Summary
Highlights
Instead of overthinking, choose one small improvement for your next study session and stick with it for a week. For example, replace passive activities like rereading or highlighting with creating questions about the material. This engages you more deeply with the content.
During the week, you will encounter difficulties. Don't get discouraged; instead, act as your own coach and find logical solutions. If questions aren't working, analyze why (e.g., too many, poor quality, taking too long) and refine your approach. This iterative problem-solving is crucial for learning.
Many students waste time seeking the 'perfect' study methods, constantly watching videos and reading articles, which amounts to procrastination from actual improvement. The key is to take action and iterate, not to find an elusive perfect technique.
The speaker shares personal experience, detailing how he adapted question-making for content-based subjects like biology and geography, and then for logical subjects like chemistry, math, and physics by focusing on creating questions for different problem types rather than rote memorization.
Once you've successfully integrated one improvement, reflect on what's next to level up your study process. The video advises repeating the first two steps: choose one new thing, stick with it, experiment, reflect, and then move on to another improvement. This gradual, iterative approach is more effective than trying to implement a complex 'perfect method' all at once.

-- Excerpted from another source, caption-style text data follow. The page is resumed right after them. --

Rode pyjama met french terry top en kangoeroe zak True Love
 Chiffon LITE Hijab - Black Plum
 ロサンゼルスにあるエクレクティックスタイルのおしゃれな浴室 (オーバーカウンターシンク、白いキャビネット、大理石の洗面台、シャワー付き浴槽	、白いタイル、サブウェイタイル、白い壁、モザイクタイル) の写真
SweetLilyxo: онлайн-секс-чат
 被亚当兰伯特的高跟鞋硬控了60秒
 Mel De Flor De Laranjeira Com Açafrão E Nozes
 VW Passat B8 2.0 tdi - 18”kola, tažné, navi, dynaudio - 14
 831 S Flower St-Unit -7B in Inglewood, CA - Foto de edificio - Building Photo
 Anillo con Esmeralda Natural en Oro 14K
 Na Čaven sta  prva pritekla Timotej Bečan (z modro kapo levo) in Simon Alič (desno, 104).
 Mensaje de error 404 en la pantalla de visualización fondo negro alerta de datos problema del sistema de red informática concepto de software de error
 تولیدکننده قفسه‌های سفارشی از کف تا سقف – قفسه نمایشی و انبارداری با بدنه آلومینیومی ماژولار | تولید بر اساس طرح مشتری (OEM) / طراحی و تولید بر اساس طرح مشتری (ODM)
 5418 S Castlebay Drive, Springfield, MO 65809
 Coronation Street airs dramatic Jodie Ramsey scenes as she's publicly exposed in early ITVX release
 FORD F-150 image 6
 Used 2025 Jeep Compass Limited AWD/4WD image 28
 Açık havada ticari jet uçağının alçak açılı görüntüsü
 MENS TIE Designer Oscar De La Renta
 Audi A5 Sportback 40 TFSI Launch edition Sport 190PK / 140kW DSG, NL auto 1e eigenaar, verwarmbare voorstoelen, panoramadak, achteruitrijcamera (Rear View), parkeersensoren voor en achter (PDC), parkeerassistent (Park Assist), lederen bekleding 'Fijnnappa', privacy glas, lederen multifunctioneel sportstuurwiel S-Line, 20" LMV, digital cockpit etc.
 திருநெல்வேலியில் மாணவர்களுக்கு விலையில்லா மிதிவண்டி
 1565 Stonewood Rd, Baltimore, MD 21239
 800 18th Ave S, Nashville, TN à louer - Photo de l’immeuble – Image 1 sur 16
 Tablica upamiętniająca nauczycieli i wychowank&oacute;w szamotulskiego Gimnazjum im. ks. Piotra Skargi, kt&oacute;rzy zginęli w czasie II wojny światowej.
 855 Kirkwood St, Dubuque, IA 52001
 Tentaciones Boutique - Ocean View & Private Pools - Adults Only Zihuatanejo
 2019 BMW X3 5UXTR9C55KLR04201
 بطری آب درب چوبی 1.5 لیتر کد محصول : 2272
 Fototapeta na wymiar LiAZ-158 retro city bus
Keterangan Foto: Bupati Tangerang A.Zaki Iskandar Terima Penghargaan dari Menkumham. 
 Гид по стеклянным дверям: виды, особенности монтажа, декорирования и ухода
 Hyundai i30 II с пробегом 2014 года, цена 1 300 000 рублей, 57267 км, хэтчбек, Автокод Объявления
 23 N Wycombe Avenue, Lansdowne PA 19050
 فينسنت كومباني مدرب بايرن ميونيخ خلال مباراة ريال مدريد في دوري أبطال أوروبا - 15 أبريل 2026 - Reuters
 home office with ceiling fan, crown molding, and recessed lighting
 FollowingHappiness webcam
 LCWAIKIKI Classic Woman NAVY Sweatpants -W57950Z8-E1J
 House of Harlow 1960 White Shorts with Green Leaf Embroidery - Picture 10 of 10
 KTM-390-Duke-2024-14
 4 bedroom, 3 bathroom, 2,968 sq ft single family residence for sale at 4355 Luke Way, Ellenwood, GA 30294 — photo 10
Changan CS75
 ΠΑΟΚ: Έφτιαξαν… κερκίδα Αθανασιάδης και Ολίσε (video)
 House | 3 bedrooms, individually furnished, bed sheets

While the specific techniques can vary, ensure your improvements align with the main pillars of effective studying: testing and layering. The speaker illustrates this by discussing his next improvement: integrating testing more deeply into every part of the learning process, even learning by testing first. This skill-building is inherently slow but leads to deeper learning.
The crucial takeaway is to take personal responsibility for your learning process. Instead of seeking perfect external solutions, actively incorporate improvements, reflect on results, and adjust. This autonomy and commitment to continuous self-improvement are what truly enhance study effectiveness and lead to academic success and more free time.